### Task instructions
In the listing, locate the line containing "Camden-Rockport Historical Society", then quote it and all following lines exactly. Omit pictures.

### Recorded information
□ □ □ □

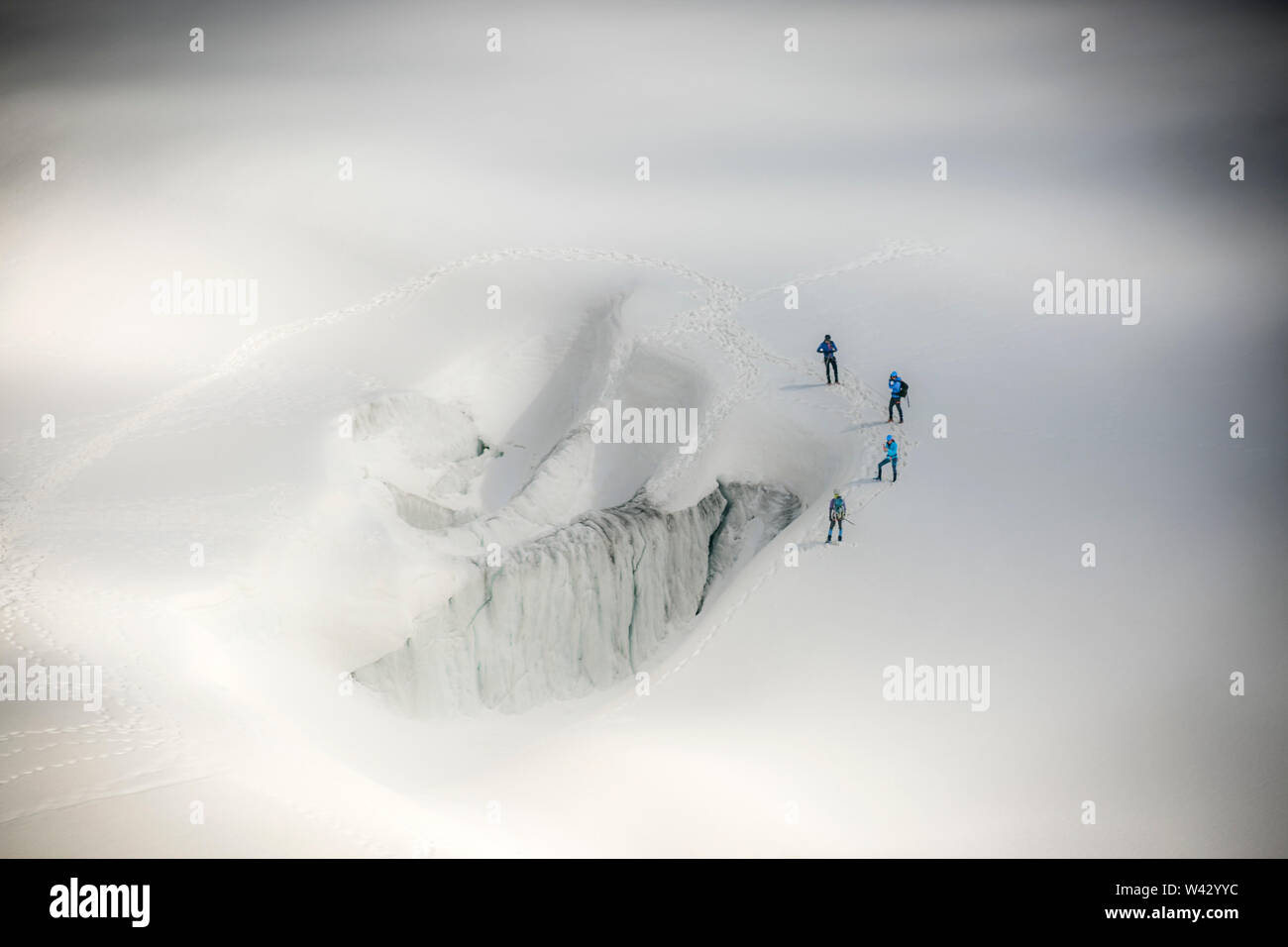 Four alpinists practice safe glacier techniques on Le Tour glacier Stock Photo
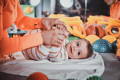Parent gently holding baby’s feet during playtime on a soft mat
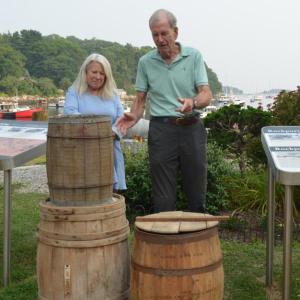 Camden-Rockport Historical Society President Susan Reider and Charlton Ames, president of Legacy Rockport, stand next to old caskets that were once filled with locally manufactured lime and carried to large harbors along the Eastern Seaboard to be used in making mortar and plaster in the building of American cities. (photo by Lynda Clancy) c
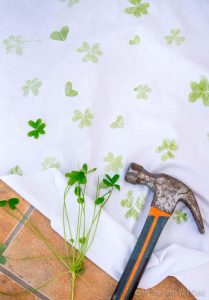 a white fabric with hammered clovers into the cloth to leave an imprint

□ □ □ □

### Result of the exercise
 Camden-Rockport Historical Society President Susan Reider and Charlton Ames, president of Legacy Rockport, stand next to old caskets that were once filled with locally manufactured lime and carried to large harbors along the Eastern Seaboard to be used in making mortar and plaster in the building of American cities. (photo by Lynda Clancy) c
 a white fabric with hammered clovers into the cloth to leave an imprint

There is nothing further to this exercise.